Tiny Organics is a plant-based baby and toddler food company on a mission to shape childrens’ palates so they’ll choose and love vegetables from their earliest days. The company raised $11 million in their Series A in 2021 and is growing at over 500% annually.

Founders Sofia Laurell and Betsy Fore joined our venture studio as EIRs and went through a six-week discovery sprint. As Sofia explains, they knew they wanted to build something to make parents’ lives easier and threw a lot of initial ideas at the wall from the Finnish baby box 2.0 (Sofia is Finnish) to an easier way to create Instagrammable baby pictures.

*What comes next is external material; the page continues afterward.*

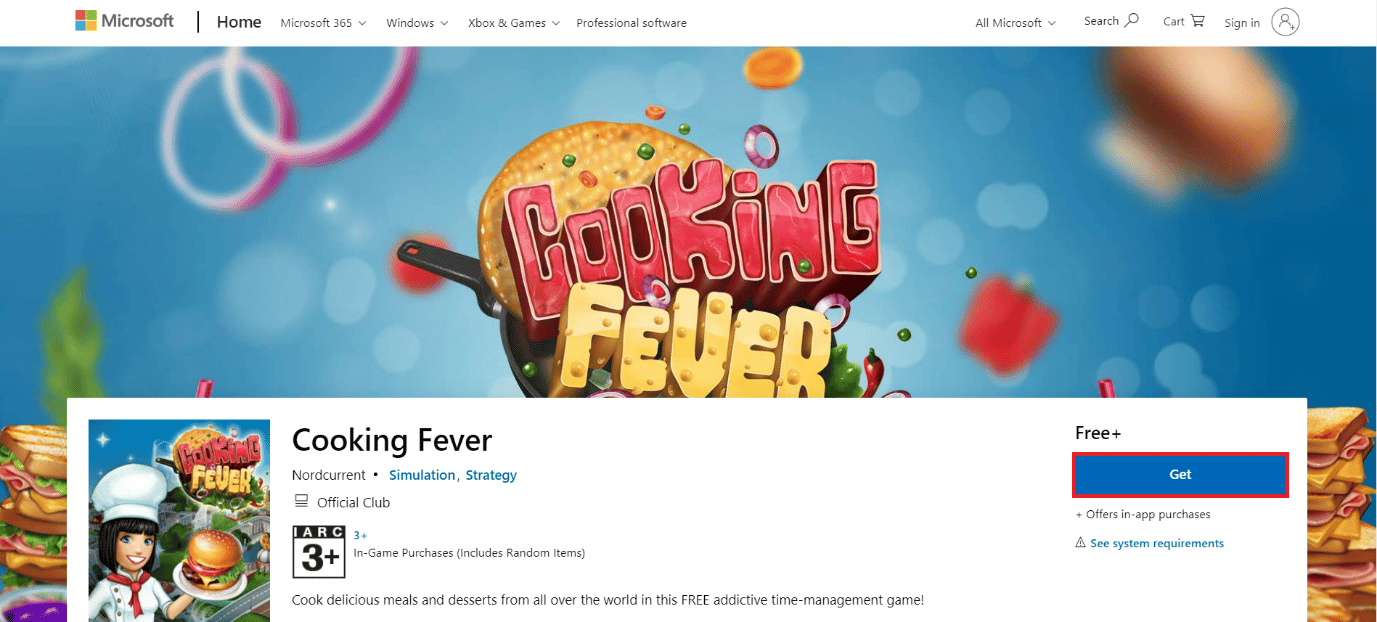 download page of cooking fever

They went through multiple exercises to test the viability of new parents’ most pressing and urgent needs:

  • Conduct a “Start with Why” exercise
  • Define the “Jobs to be Done”
  • Create a lean canvas for each (viable) concept
  • Define the user journeys
  • Conduct user surveys using platforms like pollfish.com and 1Q (instant survey tool)
  • Identify and define their customer personas
  • Conduct customer interviews and synthesize them
  • Construct concept prototypes

They also met prospective customers, conducting a focus group of 10-15 moms. When the founders asked them to text them what they were feeding their children along with pictures for a week, they realized the lack of healthy finger foods in the market, thus sparking the idea for Tiny Organics.